Citation: Lu AX, Moses AM. An Unsupervised kNN Method to Systematically Detect Changes in Protein Localization in High-Throughput Microscopy Images. PLoS One 2016 Jul 21;11(7):e0158712.
Link: https://journals.plos.org/plosone/article?id=10.1371/journal.pone.0158712
Code: https://github.com/alexxijielu/protein_change_profiles

The localization of a protein within a cell is often very important to its function. For example, transcription factors are active when they're in the nucleus of the cell, but not when they're in the cytoplasm. We can study protein localization changes in response to drug treatments, environmental stresses, or genetic mutations, using high-throughput microscopy screens. In these screens, every single protein has been individually attached to a fluorescent marker, and imaged under a microscope. Then, given a screen where cells have been grown in "normal" conditions, and another screen where cells have been treated with a drug, we can look at the images to see if the protein has changed localization or not.

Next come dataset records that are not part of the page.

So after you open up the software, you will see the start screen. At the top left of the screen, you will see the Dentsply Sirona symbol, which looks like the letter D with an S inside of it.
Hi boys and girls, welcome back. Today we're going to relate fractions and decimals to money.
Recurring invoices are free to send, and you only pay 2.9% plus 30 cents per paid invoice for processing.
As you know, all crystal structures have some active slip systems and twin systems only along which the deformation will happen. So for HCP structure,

Doing this lets us understand how a cell reconfigures its entire set of proteins in response to different conditions, giving us insight on how cells adapt to different environments.

Because there are so many proteins (~6,000 in the yeast proteome), looking at all of these images individually is time-consuming. We want to use computers to do this for us. However, sometimes different screens will have different effects on cells - for example, drugs might cause the shape of cells to change - that will confuse the computer and make it report that it's found changes when there aren't really any. We developed a machine learning algorithm to correct for these systematic effects, so the changes found by the computer are mostly real localization changes. Importantly, our method is unsupervised. This means that the user does not need to tell the computer what the systematic differences between screens are - the computer automatically learns these from the data itself. This makes our method easier for biologists to apply to their own data without a lot of additional work compared to other methods.

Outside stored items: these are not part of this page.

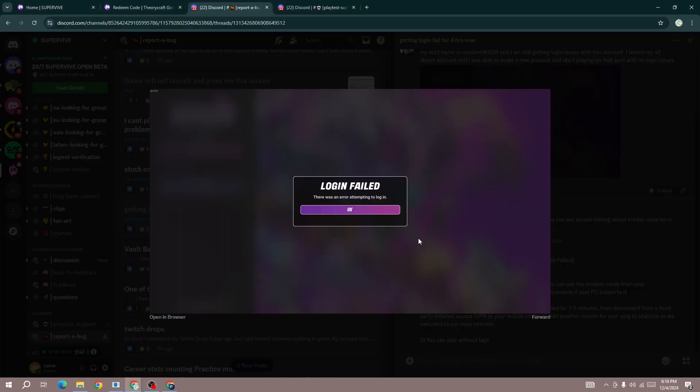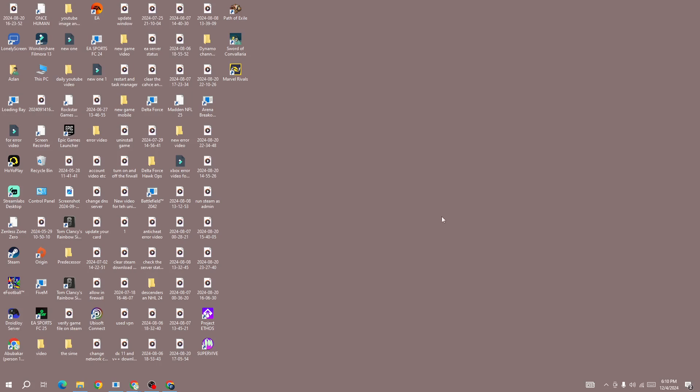Hello everyone, if you're getting this login failed error in the new superpower game, in this video I'll be showing you how to fix it. The first thing you need to do is force close the game.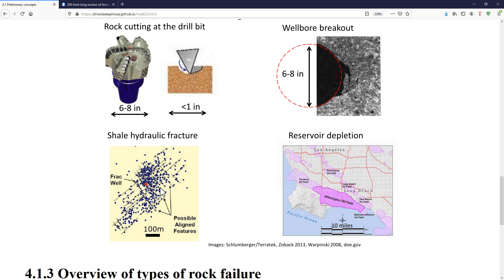We can go even one step further and consider failure in terms of mile-long processes. For example, in the depletion of the reservoir, depending on its size, we can cause compaction of the rock over several meters in thickness and in the horizontal direction over several miles. So you can see that causing irrecoverable deformations in rocks depends a lot on what is the size of the loading — it could be very small, as in cutting rock at the drilling bit, or very large, as in a problem of depletion.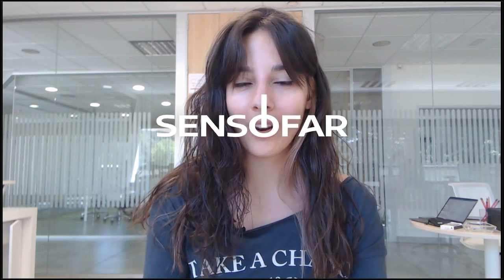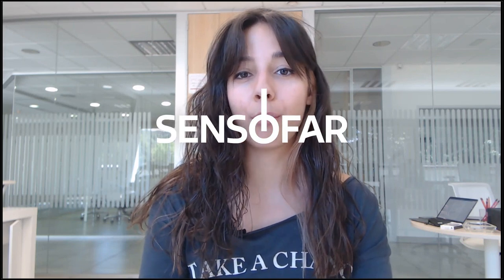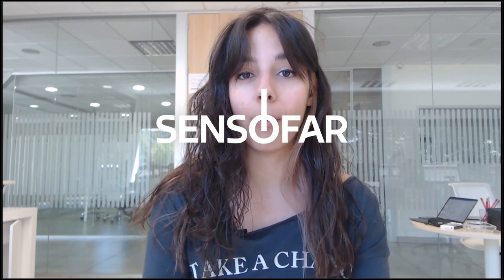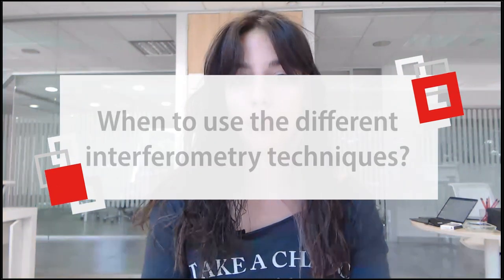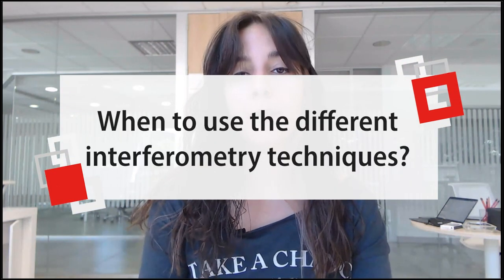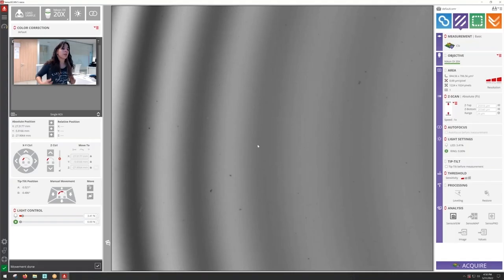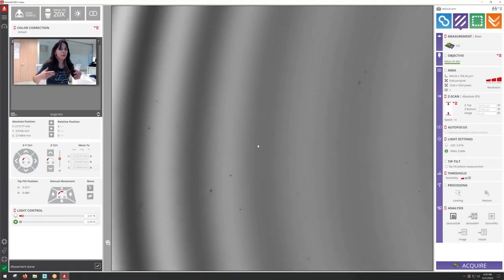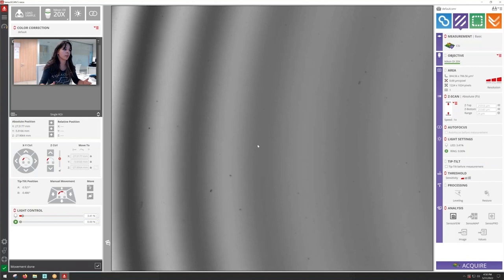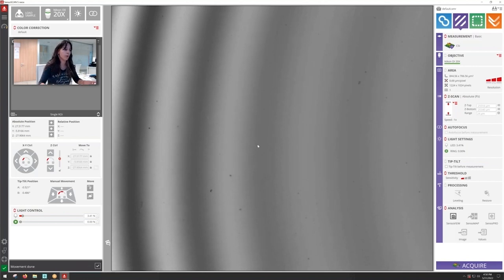Hello all and welcome to this brief tutorial about when to use each of the modes of interferometry: PSI, EPSI, that has a new algorithm in this new 7.7 version of Sensor Scan, and CSI. So let's get started. This video will consist of different samples, different examples in which we can apply the different modes of interferometry.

Integrating images from multiple microscopy screens reveals diverse patterns of change in the subcellular localization of proteins (2018)

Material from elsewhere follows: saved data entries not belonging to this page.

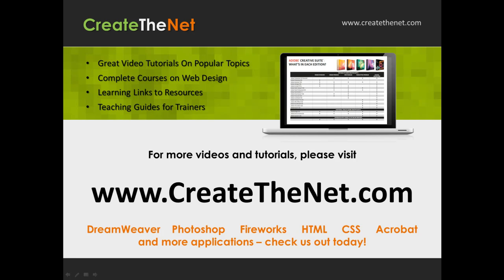For more great videos and learning tutorials, or to download the exercises that go with these videos, please visit our website at www.createthenet.com. That was www.createthenet.com.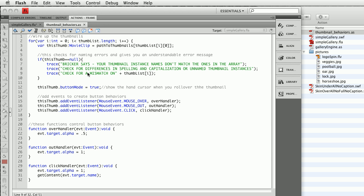Right now, what it does is it loops through the list of thumbnails, and here it says if this thumb equals null. What that means is if it doesn't find a movie clip with the same name as the one on your list, it says your thumbnail instances don't match the ones in the array, check for a mismatch on whichever one glitched. So the error messages are a little less cryptic than typical Flash error messages. I've got a custom one built in, and it'll help you track down problems.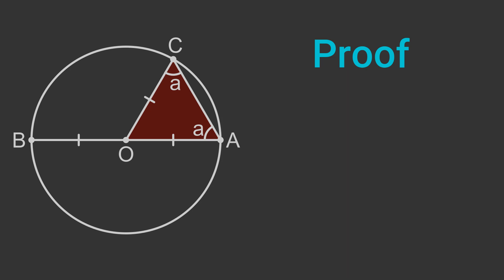The triangle BOC is also an isosceles triangle, for the same reason. So the two angles at the circumference are equal, and we will call them b.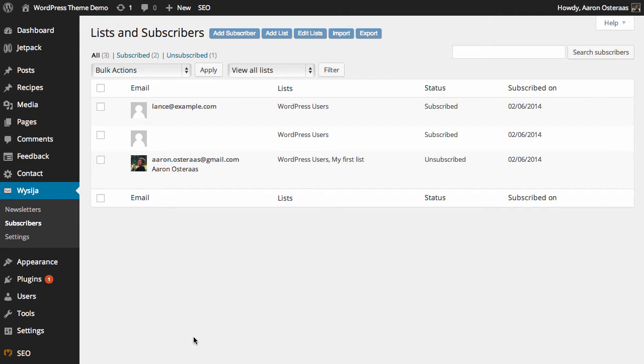In this tutorial, we're going to show you how to add a new list into MailPoet. We're starting off in the admin area for MailPoet right now. We're on the subscribers screen, which is also the list screen as it turns out.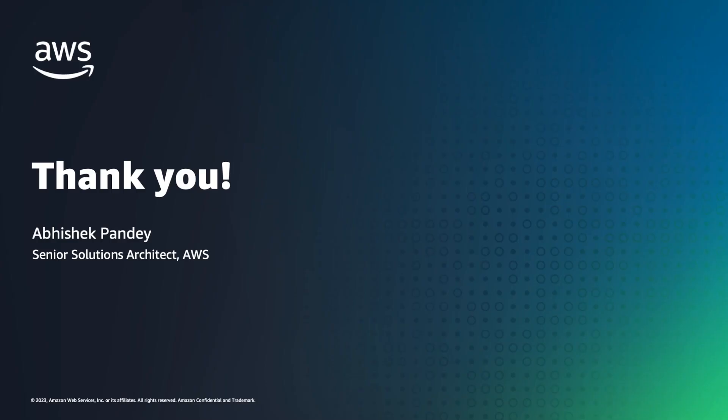I hope you enjoyed this demonstration on calculated attributes for Amazon Connect Customer Profiles. Thank you.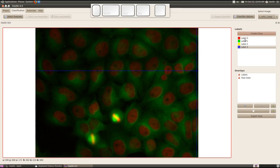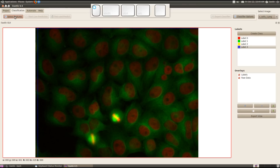Before we start labeling and learning these four classes, we have to compute some image features. I can select image features in the classification tab by pressing this button. There are four predefined groups for image features: color, edge, orientation, and texture.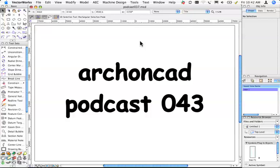Hi, Jonathan Pickup. Welcome to my podcast 043. Today I'm going to show you how you can import a survey file, like one that a surveyor sends you in a DXF or DWG, and how you can quickly turn it into a site model.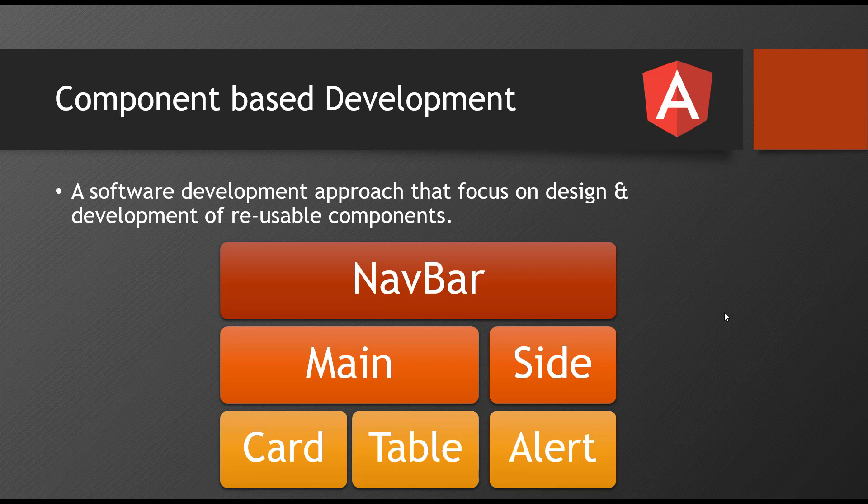For example, navbar, I build my own tag called navbar tag and sidebar tag, card tag, like our own tags will be created. And each and every tag represents one component which contains its own HTML, its own CSS, its own TypeScript. And once you have made these custom tags, all together will be combined to make a complex application.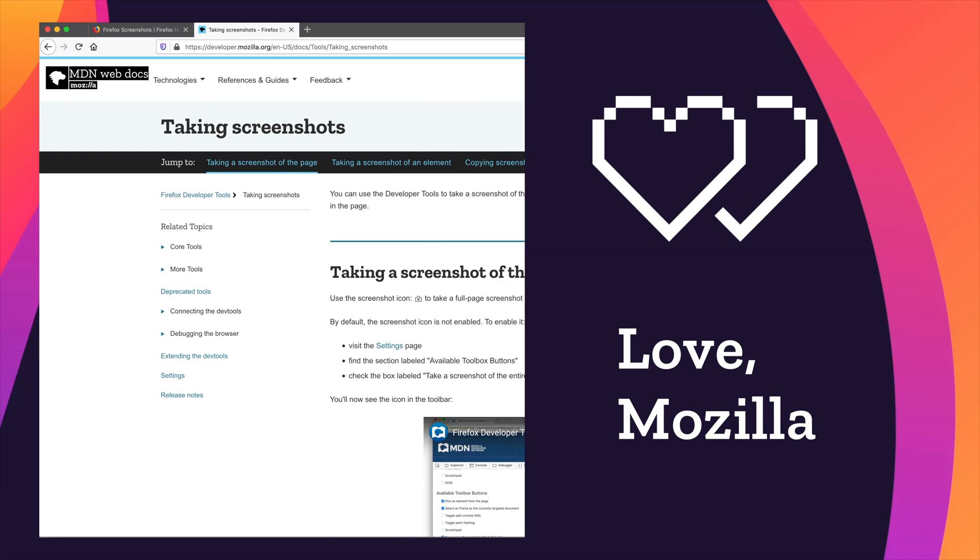Otherwise, I hope this is super helpful for you that the Screenshots tool is something that you can work into your workflow as a developer or a designer or a person working on websites. And let us know if you have any ideas about how this tool could be better. Let us know in the comments. We're definitely keeping an eye on that. We want to hear from you so we know how to serve your needs better. There you go. Screenshots in Firefox.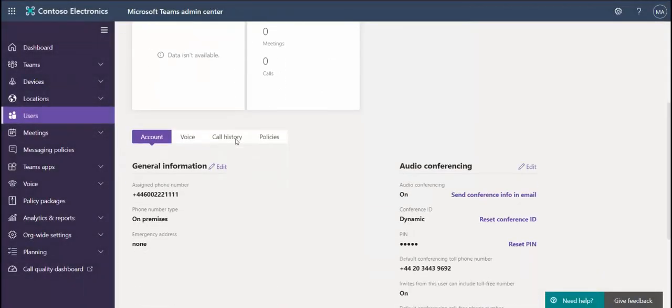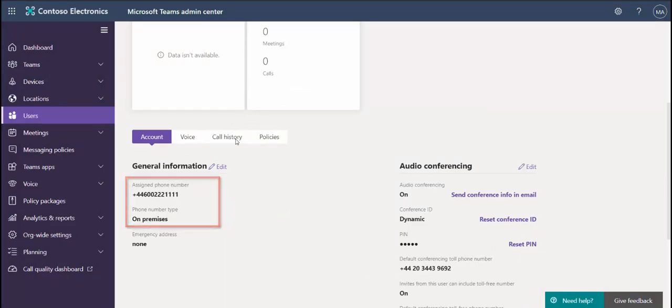After a few minutes, the assigned phone number appears and the phone number type is set to on-premises. Calls can now be made to Irving's new direct routing number.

Citation: Lu AX, Chong YT, Hsu IS, Strome B, Handfield LF, Kraus O, Andrews BJ, Moses AM. Integrating images from multiple microscopy screens reveals diverse patterns of change in the subcellular localization of proteins. eLife 2018;7:e31872.
Link: https://elifesciences.org/articles/31872
Protocol and Data: https://bio-protocol.org/e3022

In the project above, I showed how we could automatically discover protein localization changes between different screens. The next question was then to ask - what would happen if we had a whole bunch of different screens, reflecting different stresses and drug treatments? We reasoned that we might discover interesting things about proteins that would not be obvious if we looked at any single screen alone. For example, if a protein would react to many different stresses in the same way, these might be proteins that are responsible for general responses to stress. But in contrast, if a protein reacted to only one stress, it might be a specific kind of protein that only responds in one type of environment. Finding these distinctions deepens our knowledge about how proteins work, but also leads to important clues in developing drug treatments. For example, if you wanted to come up with an anti-cancer drug, you'd want it to target a protein that only responds in cancer cells specifically, but not in the normal, diverse conditions that a cell might encounter.

We analyzed the entire yeast proteome in 24 different screens - integrating over 600,000 different images in this study. We found a lot of cool patterns in the ways different proteins responded, that were unexpected - for example, in addition to finding specific and general responses to stress, we also found proteins that would behave in really different ways in different stresses, or unexpected changes in proteins that were thought to do one thing, but had a change that implied that they were functional in different ways. These analysis help us come up with new biological hypotheses, highlighting biology that biologists wouldn't have previously noticed without these types of big, systematic analyses.